- **What the task requires**: From the material below, please set down exactly the lines starting with the one with "Water conservation policies" and going on through the one with "The most essential", without a single picture.

- **Source data**:
★ ★ ★ ★ ★ ★ ★

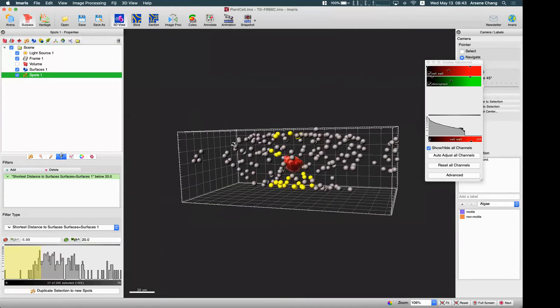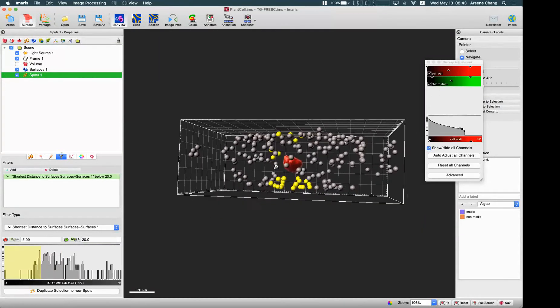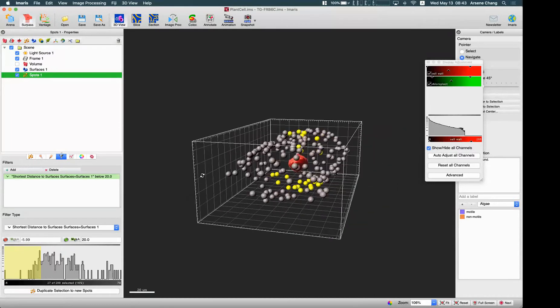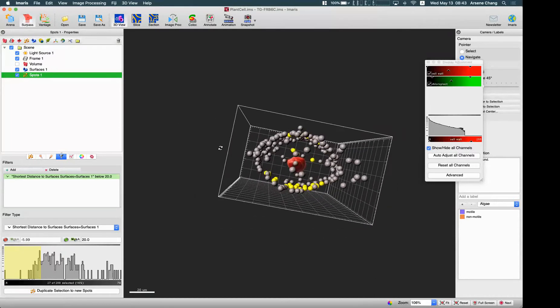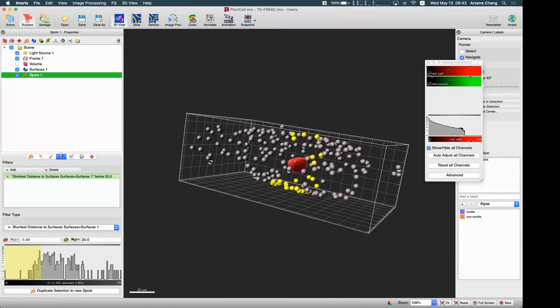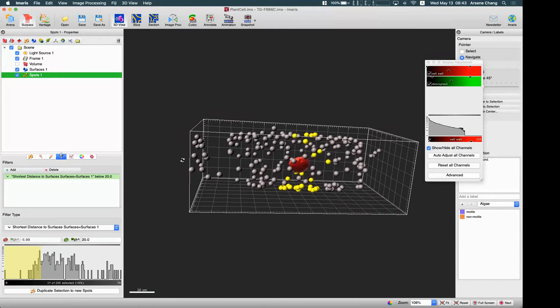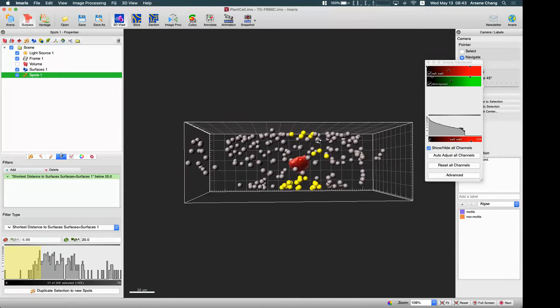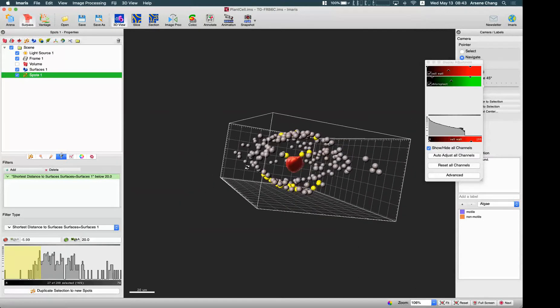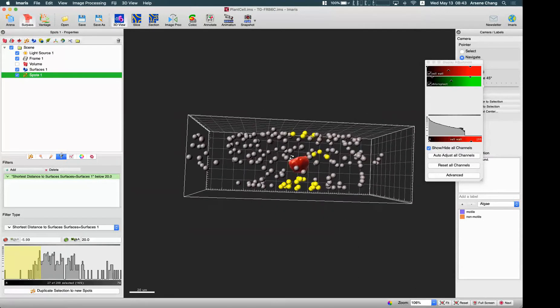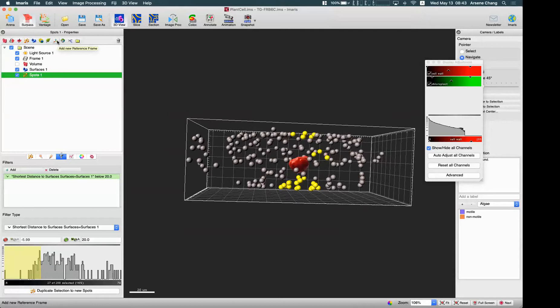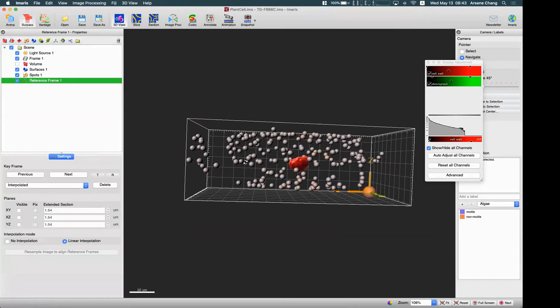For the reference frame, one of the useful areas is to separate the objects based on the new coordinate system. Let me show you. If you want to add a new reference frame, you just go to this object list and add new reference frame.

★ ★ ★ ★ ★ ★ ★

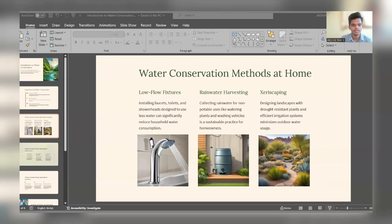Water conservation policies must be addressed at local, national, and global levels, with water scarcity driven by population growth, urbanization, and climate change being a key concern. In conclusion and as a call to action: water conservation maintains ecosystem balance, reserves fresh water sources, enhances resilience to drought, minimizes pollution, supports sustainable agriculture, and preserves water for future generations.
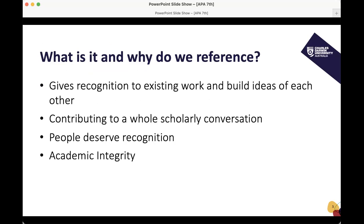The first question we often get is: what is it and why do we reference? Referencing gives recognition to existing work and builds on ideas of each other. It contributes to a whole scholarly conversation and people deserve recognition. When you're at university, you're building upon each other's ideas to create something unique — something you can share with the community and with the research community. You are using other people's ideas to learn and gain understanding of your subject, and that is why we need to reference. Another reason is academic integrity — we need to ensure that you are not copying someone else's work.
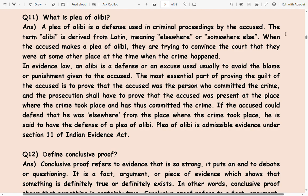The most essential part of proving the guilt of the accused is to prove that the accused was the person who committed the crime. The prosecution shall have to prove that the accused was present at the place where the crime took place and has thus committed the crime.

★ ★ ★ ★ ★ ★ ★

- **Exercise solution**:
Water conservation policies must be addressed at local, national, and global levels, with water scarcity driven by population growth, urbanization, and climate change being a key concern. In conclusion and as a call to action: water conservation maintains ecosystem balance, reserves fresh water sources, enhances resilience to drought, minimizes pollution, supports sustainable agriculture, and preserves water for future generations.
The first question we often get is: what is it and why do we reference? Referencing gives recognition to existing work and builds on ideas of each other. It contributes to a whole scholarly conversation and people deserve recognition. When you're at university, you're building upon each other's ideas to create something unique — something you can share with the community and with the research community. You are using other people's ideas to learn and gain understanding of your subject, and that is why we need to reference. Another reason is academic integrity — we need to ensure that you are not copying someone else's work.
The most essential part of proving the guilt of the accused is to prove that the accused was the person who committed the crime. The prosecution shall have to prove that the accused was present at the place where the crime took place and has thus committed the crime.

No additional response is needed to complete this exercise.